Additionally, I've got this godforsaken BGA problem which I can't seem to fix. Maybe that's what's screwing me up. I have no idea where to find nitrate supplements though. I've no idea if anything I'm doing is even having any effect on the bettering of my tank. Sigh...


----------



## Puffer Pita (Jun 16, 2006)

Not a clue. I don't dose any of the tanks with anything and have removed all of the CO2 injectors and everything is still thriving to the point where I usually have to trim stuff twice a week. I'm convinced it has to do with my water. We have water that is hard and alkaline and has enough calcium and iron to leave deposits and discoloration everywhere, as well as a lot of other TDS. The lighting on each of the tanks varies from low stock lighting in Eclipse tanks to 96w on my 55g. Most have stock lighting though. No algae issues really other than the regular normal hard green spots on the glass. About the only thing I seem to have a problem with is java fern - the leaves slowly turn black. But that's fine, I don't like java fern much anyway.  I've got anacharis, various types of anubias, dwarf sag, Mexican oak leaf, wisteria, ludwigia repens, lloydiella, myrio, various crypts, marimo balls, rotala indica, gigantic swords and several other things.


----------



## Damon (Jan 18, 2005)

Depends on the plants you have. Some do well without any added suppliments. Some are more demanding. One thing to keep in mind is you need stable parameters (nutrients, lighting, and CO2), for at least 2-3 weeks to see any noticeable difference. Fluctuating CO2 will cause more harm than low co2.


----------



## bpswim90 (Oct 30, 2005)

The plants I have aren't any where near demanding. An amazon sword, a couple anacharis, and a couple java ferns. As such, I'm convinced it's the BGA which is killing them. So my top priority will be to PERMANANTLY eliminate this stuff. I'm talking a 5-day blackout, followed by nitrate additions, followed by an antibiotic if absolutely necessary.

I want it gone.


----------



## Damon (Jan 18, 2005)

Remove all the bga you can and cover the tank with a blanket for 5 days. Do a large waterchange after. BGA is triggered usually by no3 bottoming out.


----------



## Mazzy (Dec 16, 2006)

This is my first planted tank so I'm by no means an expert but I am using eco-complete mixed with medium sized dark brown gravel and it's working great. I wish I would have used all eco-complete cuz I think the plants root really good in it but I didn't want all black gravel. My plants are thriving. I have no co2 but high light and I do have the air tube I'm using bubbling as low as I can to try to make up a little bit for the lack of co2. I have been randomly adding Kent plant products just cuz I had some from a long time ago (probably no good and just squirting colored water into my tank  ) but anyway, bottom line, my plants are noticably growing and look very healthy.


----------



## Guest (Jan 23, 2007)

IME pea sized gravel works great


----------



## Damon (Jan 18, 2005)

Using an airstone will drive off co2, not increase it.


----------



## Mazzy (Dec 16, 2006)

yeah I know, that's why it's bubbling very low. I guess it didn't read right... I mean, I don't have co2 so to try to not make the situation of no co2 even worse, I have my airstone bubbling very low instead of high.


----------



## Guest (Jan 24, 2007)

I'd go with Eco Complete or ADA Aquasoil. Both are nutrient rich. The Aquasoil is probably the better choice. You'll only need 1 bag for a 10g, so thats about $25 or so. Once you buy flourite, gravel, and whatever else to mix up a substrate, you'll have spent more than that. I'd just go with AS or Eco.  My Crypts exploded with growth after I changed my 55g to Eco. 
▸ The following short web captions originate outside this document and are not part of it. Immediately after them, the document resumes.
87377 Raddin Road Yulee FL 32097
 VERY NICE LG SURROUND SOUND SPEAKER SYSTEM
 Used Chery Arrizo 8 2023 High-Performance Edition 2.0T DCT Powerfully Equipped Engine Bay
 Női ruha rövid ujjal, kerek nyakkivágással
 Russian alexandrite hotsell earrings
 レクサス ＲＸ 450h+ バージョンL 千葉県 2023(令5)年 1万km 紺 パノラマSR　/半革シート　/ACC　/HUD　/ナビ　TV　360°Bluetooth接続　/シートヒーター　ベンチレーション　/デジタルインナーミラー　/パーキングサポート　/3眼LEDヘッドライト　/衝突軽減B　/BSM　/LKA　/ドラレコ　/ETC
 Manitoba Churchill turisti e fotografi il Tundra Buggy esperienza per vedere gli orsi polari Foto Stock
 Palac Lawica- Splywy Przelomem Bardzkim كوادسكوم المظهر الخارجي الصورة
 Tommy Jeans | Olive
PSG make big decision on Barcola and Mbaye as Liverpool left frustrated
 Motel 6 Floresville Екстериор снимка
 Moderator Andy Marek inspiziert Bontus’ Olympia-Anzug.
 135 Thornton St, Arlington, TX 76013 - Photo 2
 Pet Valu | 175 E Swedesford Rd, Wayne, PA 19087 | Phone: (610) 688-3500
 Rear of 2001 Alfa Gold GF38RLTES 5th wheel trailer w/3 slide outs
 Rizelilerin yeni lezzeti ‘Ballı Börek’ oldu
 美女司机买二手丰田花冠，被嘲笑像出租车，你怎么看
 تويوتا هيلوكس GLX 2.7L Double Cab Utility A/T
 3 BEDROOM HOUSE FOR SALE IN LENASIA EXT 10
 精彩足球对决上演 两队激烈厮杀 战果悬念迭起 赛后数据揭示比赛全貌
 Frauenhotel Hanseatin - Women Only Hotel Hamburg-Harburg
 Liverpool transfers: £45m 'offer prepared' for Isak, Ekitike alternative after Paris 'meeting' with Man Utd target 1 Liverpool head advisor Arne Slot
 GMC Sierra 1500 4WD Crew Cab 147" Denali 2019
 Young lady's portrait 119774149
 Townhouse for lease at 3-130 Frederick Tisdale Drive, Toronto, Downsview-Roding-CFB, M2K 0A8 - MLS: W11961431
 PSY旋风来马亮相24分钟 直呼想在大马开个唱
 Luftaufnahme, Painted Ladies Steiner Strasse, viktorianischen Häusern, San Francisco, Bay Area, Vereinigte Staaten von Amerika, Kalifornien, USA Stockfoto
Start dosing KNO3 or Nitrogen to fix the BGA problem. Like Damon said, its usually caused by bottoming out nitrates.


----------



## Damon (Jan 18, 2005)

You shouldn't have an airstone in there at all is what I'm getting at.


----------



## Mazzy (Dec 16, 2006)

Damon said:


> You shouldn't have an airstone in there at all is what I'm getting at.


This is getting off topic, but I do need to ask... why? If I don't have an airstone the top of the water will be almost stagnent. My spray bar is just below the surface and creates some movement but not much at the surface, and my powerhead is well below the surface to create undercurrent (for combatting algea) so I don't think my fish would get enough oxygen in the water if I didn't have an airstone at all. Or am I mistaken??


----------



## Damon (Jan 18, 2005)

Why would the powerhead combat algae? One has nothing to do with the other.
You really dont need a powerhead. How is your spraybar psitioned? Mounting it vertically just below the waterline is ideal. What are the tank dimensions?


----------



## Mazzy (Dec 16, 2006)

Water flow combats algea. If you've ever had an ornamental pond you know all too well that high water movement will elliminate algea while low water movement - well, becomes a green mess. That's why the powerhead. Powerheads move water, and water movement combats algea. I know this to be true as I have had a pond overrun with algea until I changed the water spray thingy from spraying upward (decorative) to laying it down and moving the water around in the pond - all the algea was gone in a flash. Same for the tank. Had algea, added the powerhead to create more water movement, no more algea. So, IMO I would never go without a powerhead in a high light tank - it's just asking for dealing with algea. 
The spray bar is already mounted as you mentioned and the tank is a 50 breeder 36 long, 18 deep, and whatever high - fish don't swim up and down so I don't concern myself with height. 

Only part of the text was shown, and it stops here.